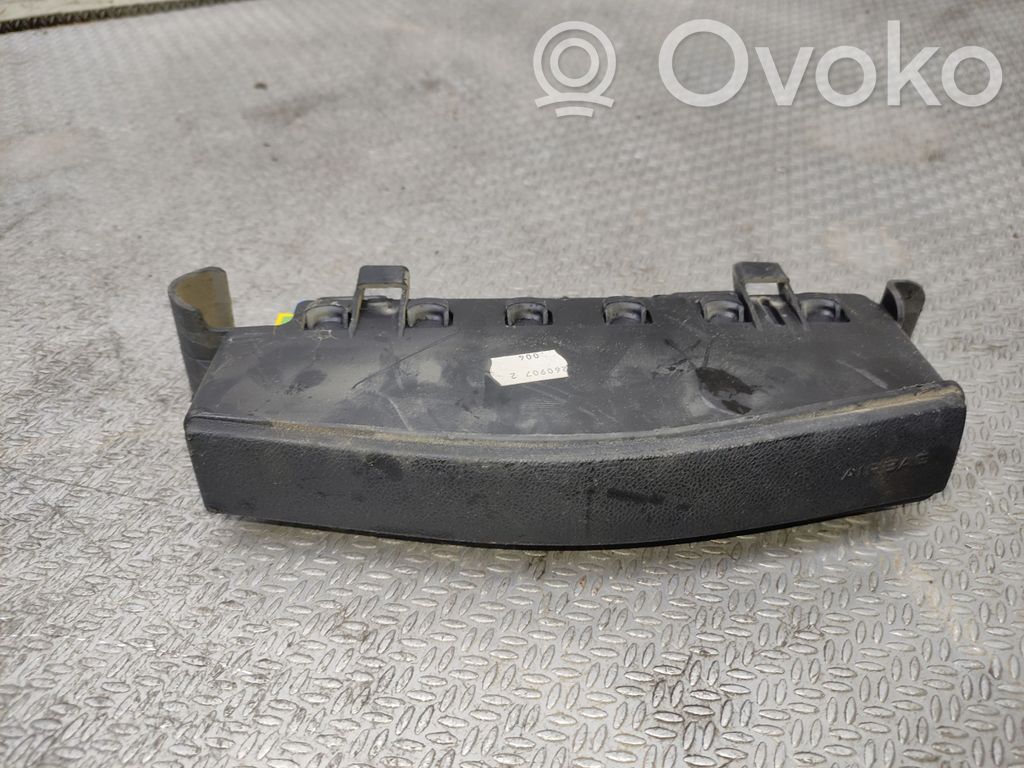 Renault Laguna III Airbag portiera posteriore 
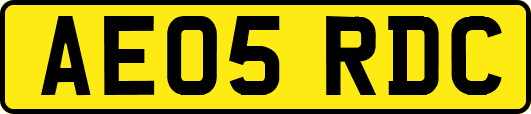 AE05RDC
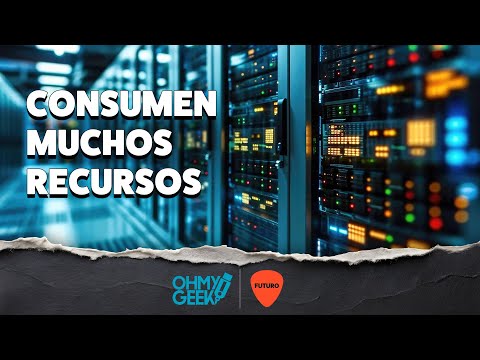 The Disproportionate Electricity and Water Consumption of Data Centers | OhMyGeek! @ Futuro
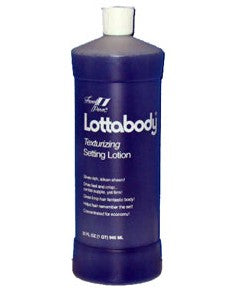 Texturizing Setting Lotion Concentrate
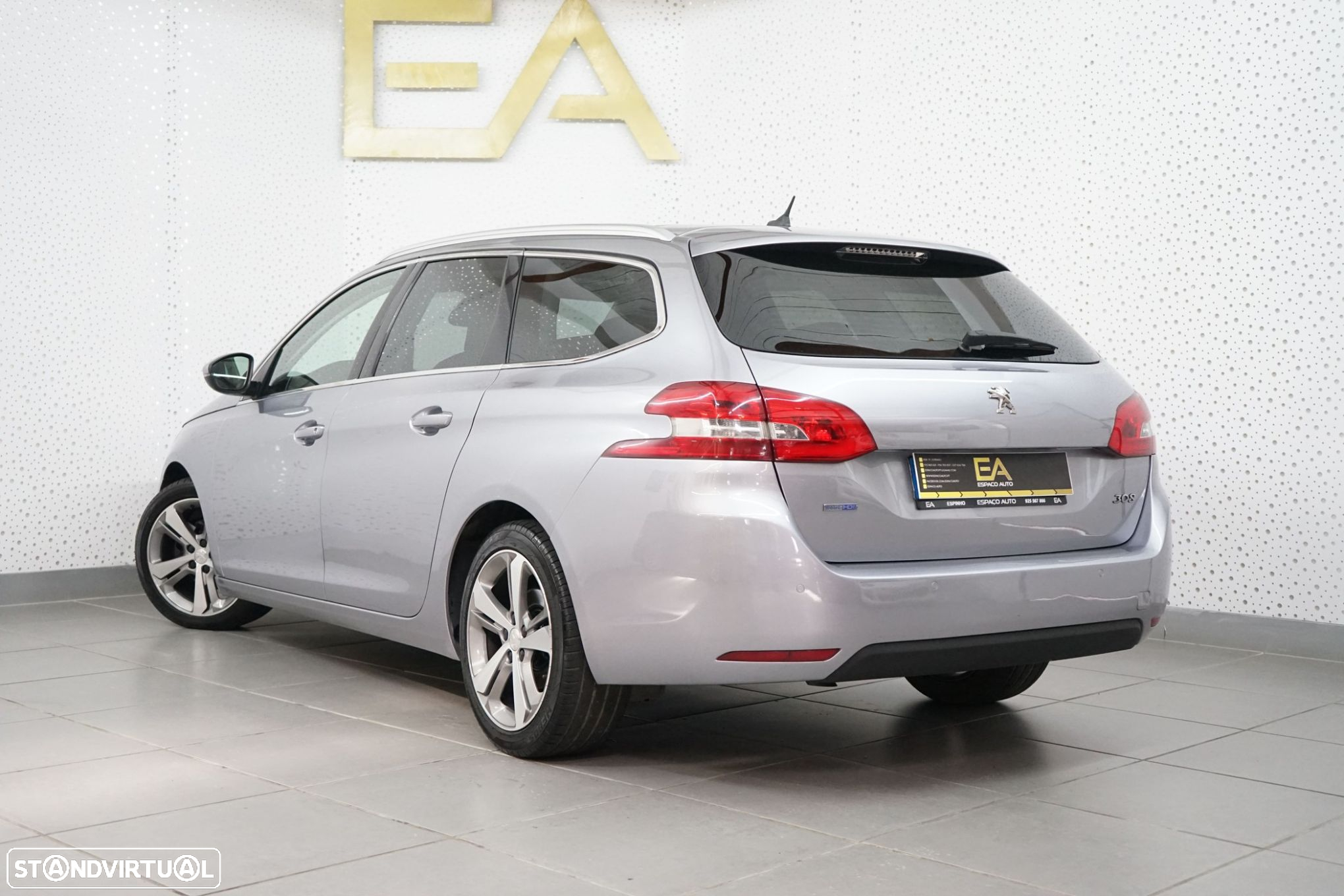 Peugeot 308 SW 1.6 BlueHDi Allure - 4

★ ★ ★ ★ ★ ★ ★

**Exercise instructions:** If a record holds a picture, leave the picture out, but copy everything else exactly.

**Written reply:**
 Renault Laguna III Airbag portiera posteriore 
 AE05RDC
 The Disproportionate Electricity and Water Consumption of Data Centers | OhMyGeek! @ Futuro
 Texturizing Setting Lotion Concentrate
 Peugeot 308 SW 1.6 BlueHDi Allure - 4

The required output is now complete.